## WHAT YOU ARE ASKED TO DO
Copy the data exactly from the line that contains "Warm Audio Centavo" through the line that contains "Radiateur, refroidissement du", keeping both end lines and leaving out everything else.

## GIVEN RECORDS
· · · · ·

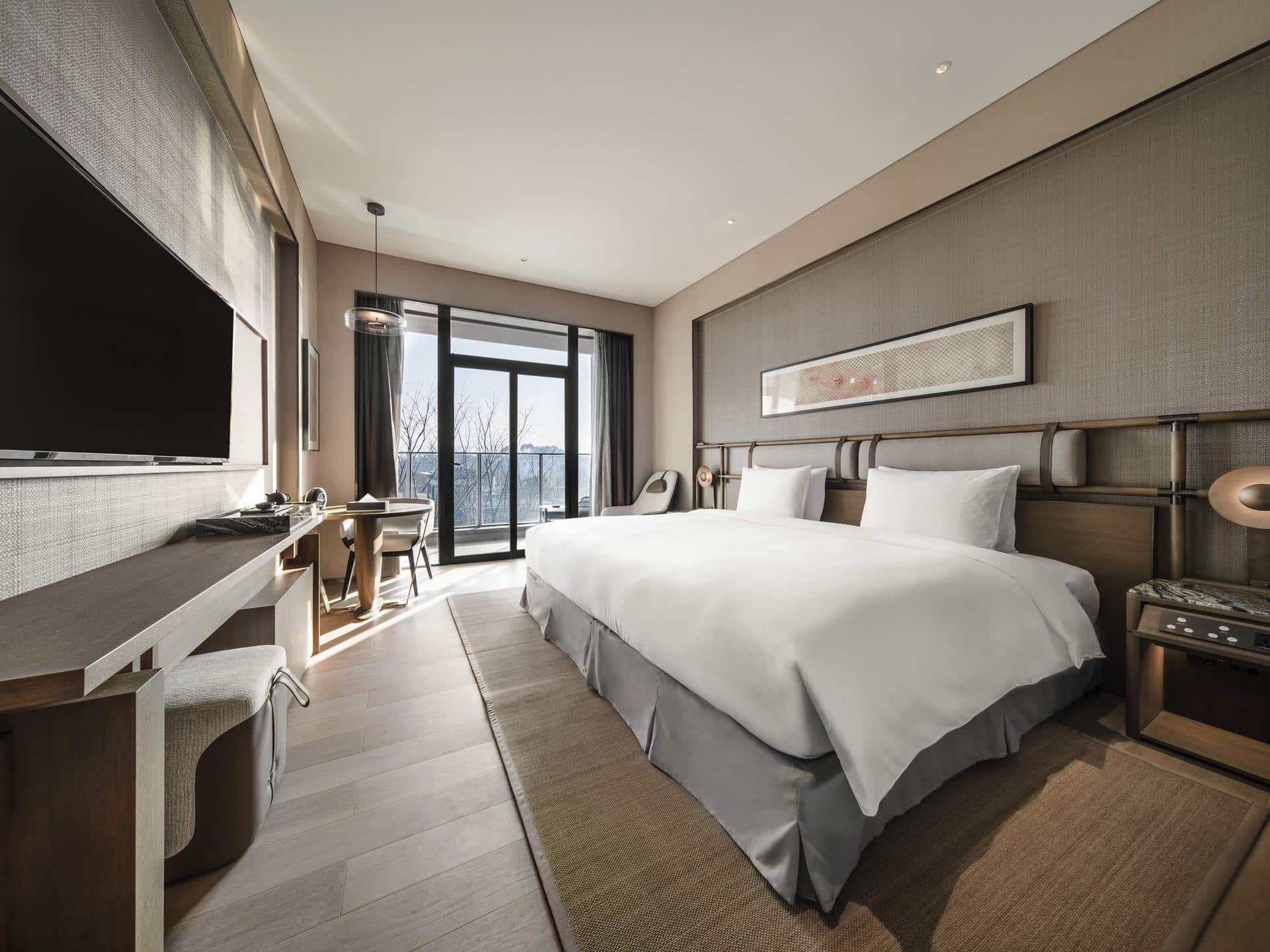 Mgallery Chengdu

· · · · ·

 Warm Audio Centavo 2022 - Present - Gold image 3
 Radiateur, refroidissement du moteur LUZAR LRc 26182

· · · · ·

## RESULT
 Warm Audio Centavo 2022 - Present - Gold image 3
 Radiateur, refroidissement du moteur LUZAR LRc 26182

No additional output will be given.